Cloudera Hadoop impala architecture is very different compared to other database engine on HDFS like Hive. The Impala server is a distributed, massively parallel processing (MPP) database engine.
The architecture is similar to the other distributed databases like Netezza, Greenplum etc. Hadoop impala consists of different daemon processes that run on specific hosts within your CDH cluster.
Read:
- Sqoop Architecture
- Sqoop Import
- Sqoop Export
- Netezza and Hadoop Integration
- Hadoop HDFS Architecture Introduction and Design
Cloudera Hadoop Impala Architecture Overview
The Hadoop impala is consists of three components: The Impala Daemon, Impala Statestore and Impala Catalog Services:
The Impala Daemon
Impala Daemon is the important and core component of the Hadoop Impala. This daemon runs on every node in the CDH cluster. This is identified by the impalad process. It reads and writes the data files. It also accepts the queries transmitted from impala-shell command, ODBC, JDBC or Hue.
You can connect and submit the query to the Impala Daemon running on any Datanode and that instance of Daemon serves as coordinator. The Daemon which accepts the queries acts as a coordinator, that parallizes the queries and distributes the workload across the Hadoop cluster. It also collects the results back from all nodes.

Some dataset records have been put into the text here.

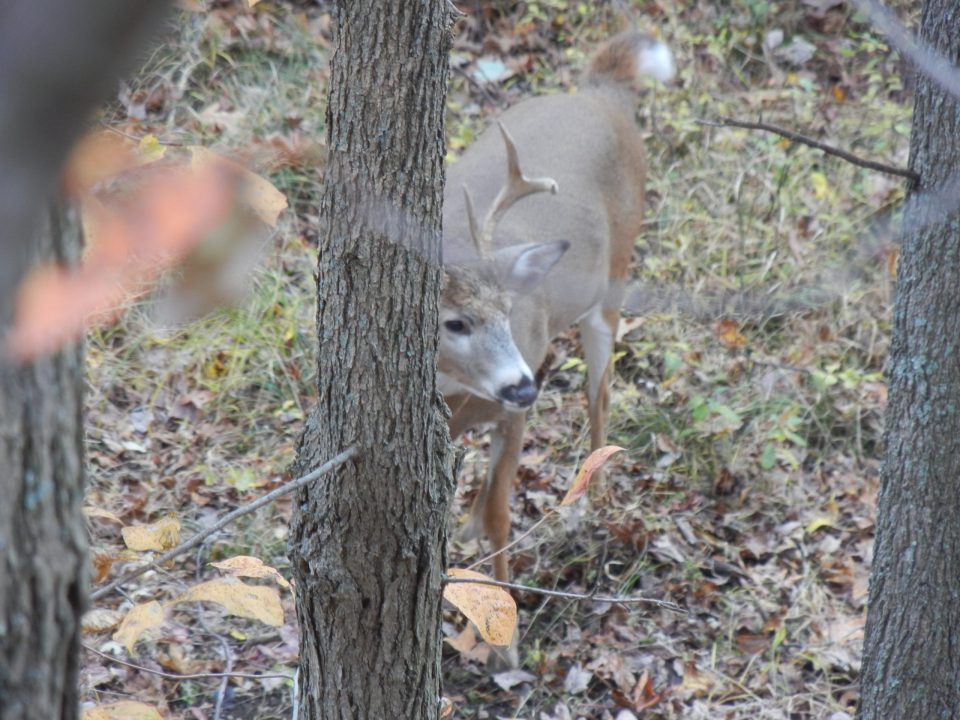 PSU Deer Study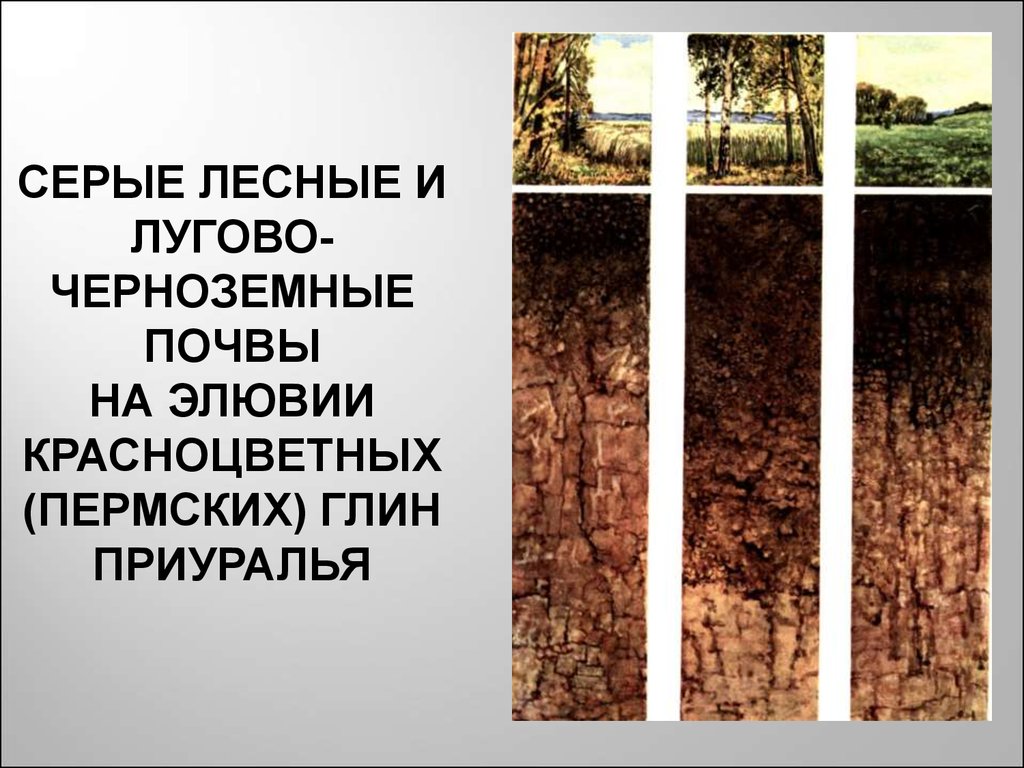 Серые почвы. Почвенный профиль лугово-черноземные. Черноземные серые Лесные Лесные. Чернозем и серые Лесные почвы. Лугово-черноземные почвы.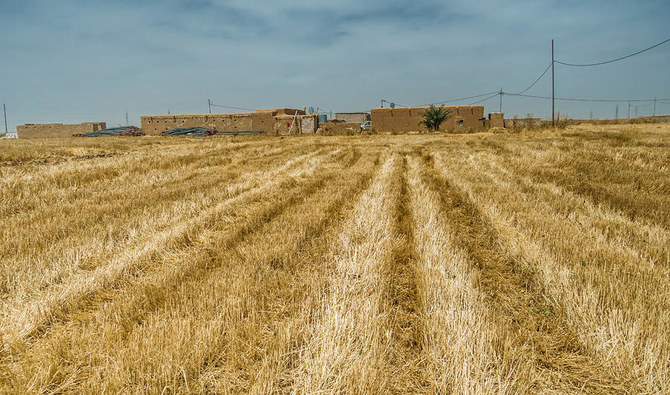 Iraq harvests go up in smoke, but who lit the fires?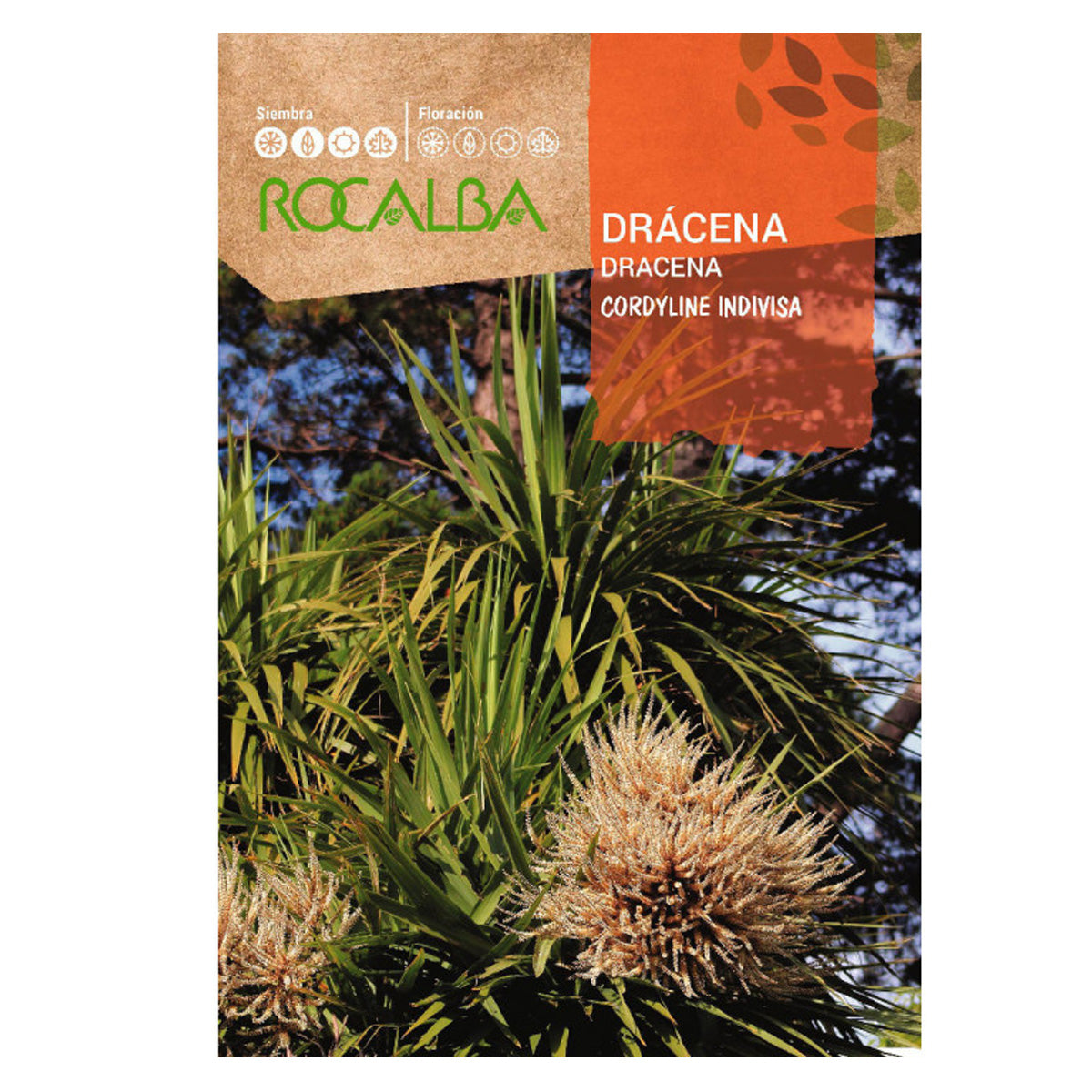 Dracaena seeds, Rocalba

Impala Daemon will always be communicating to statestore to confirm which node is healthy and accepts the new work. Each Daemon will also receive the broadcasted message whenever any Impala node in cluster create, alter, drops any object or any statement like insert, load data is processed.
The Impala Statestore
This component checks health of all Impala Daemons on all the datanodes in the Hadoop cluster. It is physically represented by the process statestored. Only one such process is required on one host in the Hadoop cluster.
If an Impala Daemon goes down, statestore informs all the Impala Daemons so that they can avoid the failed node while distributing future queries.
The impala Catalog Service
This component of the Hadoop Impala tells metadata changes from Impala SQL statements to all the Datanodes in Hadoop cluster. It is physically rhaepresented by Daemon process catalogd. . Only one such process is required on one host in the Hadoop cluster. Usually, statestored and catalogd process will be running on same host as catalog services are passed through statestored.
The catalog service avoids the need to issue REFRESH and INVALIDATE METADATA statements when the metadata changes are performed by statements issued through Impala.